Иногда к подругам заходил сосед – пенсионер. В этот раз он появился на пороге со словами:
– Увидел подушку вместо окна у вас и решил зайти, мало ли чего…
Дед живёт один, бабка у него умерла давно, дети с внуками в Красноярске. Настю все время удивляло, почему дед такой старый, а зубы здоровые, пусть и желтые. А дед ощерил рот сквозь седую бороду:
– Пьёте сильно девки. Завязывайте, зачем из ружья палили, небось весь поселок растревожили!
Настя, не вылезая из-под одеяла, лениво ответила ему:
– Дед, угомонись! Жизни не учи. Супчика похлебаешь?
В доме уже действительно пахло супом, у печки виновато суетилась с помятым лицом и копной рыжих волос Света. Она варила хороший суп, даже с похмелья. Дед согласился поесть, с удовольствием хлебал суп и всё разговаривал. Дед всю жизнь прожил здесь, лет сорок работал на драге, золото мыл. Пару раз сидел за что-то, но не очень страшное, за что, Настя точно не знала. После супа дед сходил за стеклом и стеклорезом и поставил стекло. Наконец подушку из окна вытащили. Дед принес бутылку водки, вина, конфет и полтора десятка яиц. Настя с удовольствием смотрела на конфеты, вспоминала ночного черта, дескать, не зря нечистый конфетами донимал. Яйца подруги не видели несколько месяцев. Наелись впрок, Настя знала, что Света любит, когда желток с белком перемешан, а она предпочитала наоборот. Любила целый желток собирать булкой, ела жадно, чувствуя себя змеёй, которая заползла в птичье гнездо. В этот раз случился у них целый «дедовский» вечер. Слушали музыку, ища в ноутбуке ту, что хотел дед. Старик первый раз видел ноутбук, очень удивлялся:
– Что это у тебя, говорящая книжица?
– Это окно в мир, – в один голос хохотали Настя и Света.
Смешной дед. Напился, разговорился. Настя смотрела на него и думала: «Дед! Не умирай только, поживи ещё немного». А он всё слушал ролики и приговаривал:
– Эх, девки! Просрали мы страну! Сами пожили, а вам и не досталось ни хера!
На этом старик неожиданно заплакал. Света укорила его:
– Дед! Ты что же это, пришёл к нам сырость разводить?!
В ответ старик только беззлобно огрызнулся на нее:
– Рот закрой! Бикса непоротая!
С этими словами он уснул прямо на стуле. А подруги еще долго хохотали над его словами, допивая крепкий вермут.
Переписываясь по интернету с разными людьми, Настя неожиданно получила посылку из Ростова. Доброжелатель прислал куртку и лыжи. Настя и радовалась, и негодовала, даже в порыве написала:
– Мужик из Ростова! Обращаюсь к тебе, чертовски спасибо за куртку и лыжи. И как ты догадался, что именно широкие лыжи нужны. Не суть! Короче, больше ничего не нужно присылать. Мы куртку вертели и поняли, что стоит она дорого. Отблагодарить тебя нечем.
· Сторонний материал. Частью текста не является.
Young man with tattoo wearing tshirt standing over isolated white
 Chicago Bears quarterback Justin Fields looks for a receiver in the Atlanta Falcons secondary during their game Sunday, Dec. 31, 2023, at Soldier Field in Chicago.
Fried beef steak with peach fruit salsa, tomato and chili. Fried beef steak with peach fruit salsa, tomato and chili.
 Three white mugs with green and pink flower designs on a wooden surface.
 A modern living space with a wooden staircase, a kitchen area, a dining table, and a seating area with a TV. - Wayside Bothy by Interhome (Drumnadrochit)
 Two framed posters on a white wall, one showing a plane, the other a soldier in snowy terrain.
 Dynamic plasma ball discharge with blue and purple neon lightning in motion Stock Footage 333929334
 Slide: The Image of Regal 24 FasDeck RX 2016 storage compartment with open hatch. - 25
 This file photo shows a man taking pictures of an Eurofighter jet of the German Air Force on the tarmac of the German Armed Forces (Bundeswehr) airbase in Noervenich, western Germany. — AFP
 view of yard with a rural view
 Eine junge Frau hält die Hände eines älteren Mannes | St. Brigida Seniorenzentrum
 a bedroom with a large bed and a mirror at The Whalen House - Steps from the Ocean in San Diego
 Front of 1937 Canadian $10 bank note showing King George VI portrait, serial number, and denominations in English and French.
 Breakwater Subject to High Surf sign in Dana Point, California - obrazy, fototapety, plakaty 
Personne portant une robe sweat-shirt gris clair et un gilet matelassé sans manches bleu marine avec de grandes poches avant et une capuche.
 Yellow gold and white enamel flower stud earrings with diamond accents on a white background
Это раз! Второе, я ничего не просила. В общем, если ещё раз придёт с почты извещение о посылке, то я туда не пойду. Ничего не нужно!
Однако немного подумав, поняла, что иногда люди просто хотят помочь, без унижения и благодарности. И добавила в личку:
– Спасибо за куртку! Целую тебя, куртка и задницу прикрывает от холода и ветра, и под грудь правильно сделана.
Первого января девчонки не смогли усидеть дома. Всё же праздник проходит... Выпросили утром у деда немного денег в долг и пошли на лыжах в соседний посёлок. В полдень уже были там. Света на старых лыжах, а Настя опробовала новые и поняла, что они очень хороши. В соседнем поселке у Насти была знакомая по интернату Нина Ершова. У неё всегда быть весело. Два года назад она уезжала в город, но вернулась со шрамом на губе и порванными мочками ушей. Стало быть, поиски девичьего счастья в большом городе не получились. За столом посидели аккуратно и к ночи вернулись домой.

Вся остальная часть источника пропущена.